Nos últimos anos, nós nos vimos algumas vezes em cursos e conferências. Julguei, numa das ocasiões, que ela estivesse doente. Magra, pálida, com um cabelo que me pareceu peruca. Numa troca de e-mails logo depois desse encontro, comentei a respeito do novo livro dela e perguntei se ela estava fazendo quimioterapia. Ela respondeu falando do livro recém-lançado e ponto final.

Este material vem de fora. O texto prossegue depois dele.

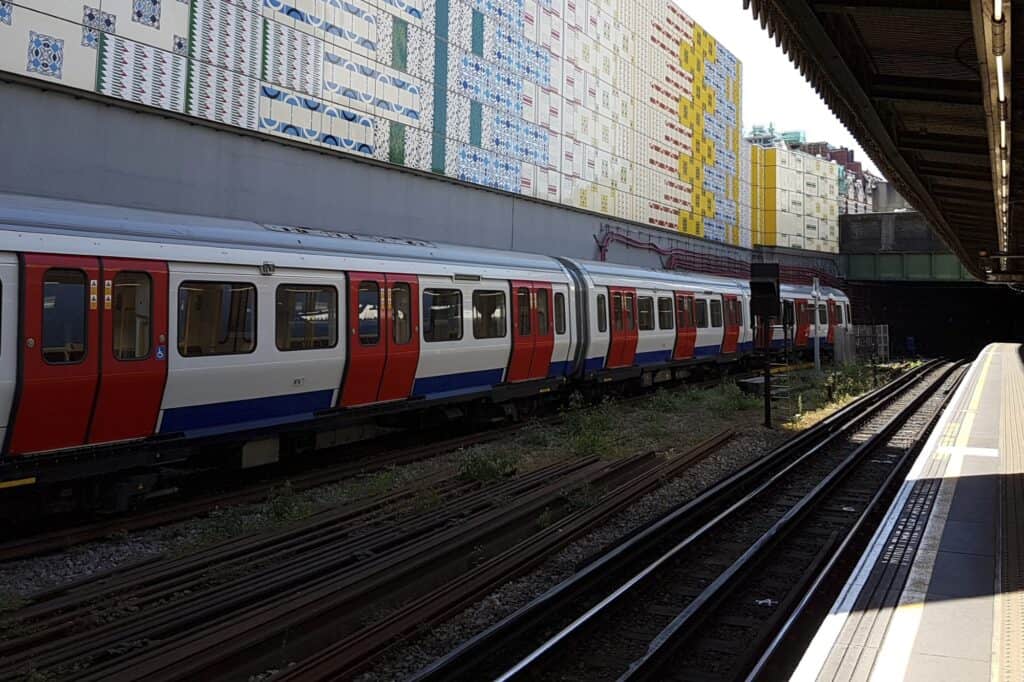 A District Line train leaving a station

A família anunciou que Elvira seria cremada e não haveria nenhuma cerimônia, por vontade dela. E que ninguém estava convidado. Era um momento íntimo. Arrisquei e perguntei inbox se eu podia ir, frisando que esperava da filha a mesma franqueza rascante da mãe. Pai e filhos deliberaram e concordaram com a minha presença. Porque era eu, disseram, porque a Elvira gostava muito de mim.

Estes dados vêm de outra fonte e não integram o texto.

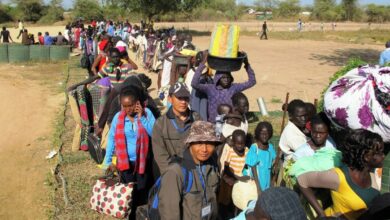 South Sudanese civilians line up outside a U.N. compound in Bor offering refuge and basic health necessities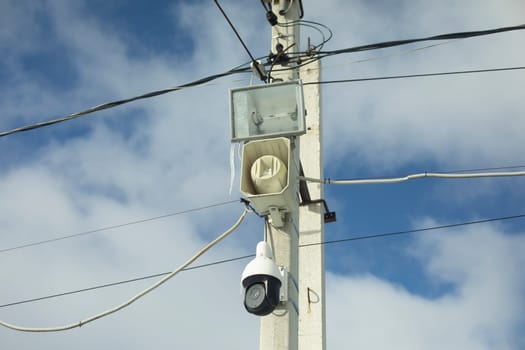 Surveillance camera on the pole. Outdoor Loudspeaker. Spotlight on a pole. City Surveillance System.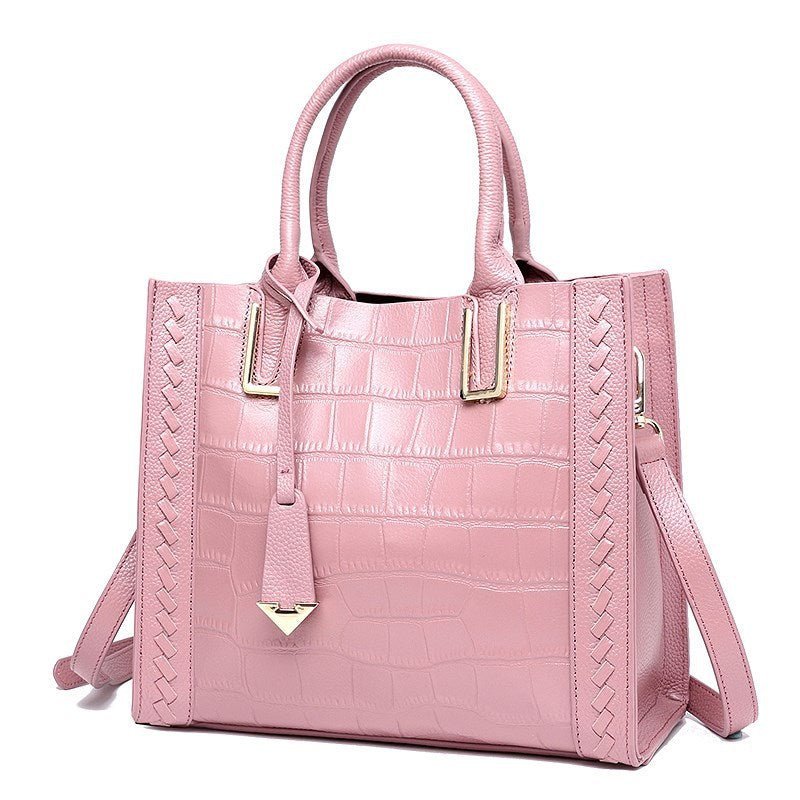 Sac à main rose cuir croco jolieandjuliette avec détails tressés et bandoulière amovible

Era uma revelação. Porque era ela, porque era eu.
Crematório Horto da Paz, em Itapecerica da Serra, a 50 quilômetros da capital. Dia 12 de julho, uma quarta-feira fria de sol, céu límpido e muito azul. Um lugar bonito, muito arborizado, com palmeiras. Havia uma sala principal, emoldurada de dourado, cheia de gente. Afastadas desse salão, num canto, cinco pessoas me esperavam. O marido de Elvira, Roberto Lehmann; seus dois filhos, Carolina e David, e mais dois amigos da família.
Faltavam quinze minutos para as 11 da manhã. Uma moça uniformizada, com crachá da administração local, se aproximou e perguntou se podia dar início ao procedimento. Sim. E nós seis a seguimos por uma escada de poucos degraus e chegamos aos fundos do prédio, a um espaço que em geral é destinado aos serviços de manutenção, à casa das máquinas do elevador. Se fosse residencial, poderia ser uma lavanderia ou uma garagem.
Estávamos no cerne do edifício, face a face com a razão da existência daquele lugar: aquela área abrigava o forno. Grande, industrial, de aço inoxidável. Em frente às duas portas fechadas, sobre uma espécie de bandeja – como aquela que abrimos na impressora para que a folha impressa possa sair –, um caixão fechado. Elvira pedira uma cremação a mais simples que houvesse, nenhuma cerimônia, nada de música, zero ritual.
Um rapaz de macacão de operário, ao lado do forno, no controle de um dispositivo que parecia saído de filmes de espionagem da Guerra Fria, protegeu os olhos com uma viseira de soldador. A um sinal da moça da administração, ele virou uma chave; as portas se abriram o suficiente para permitir que o caixão deslizasse para dentro. Sem choro nem vela. Na lata.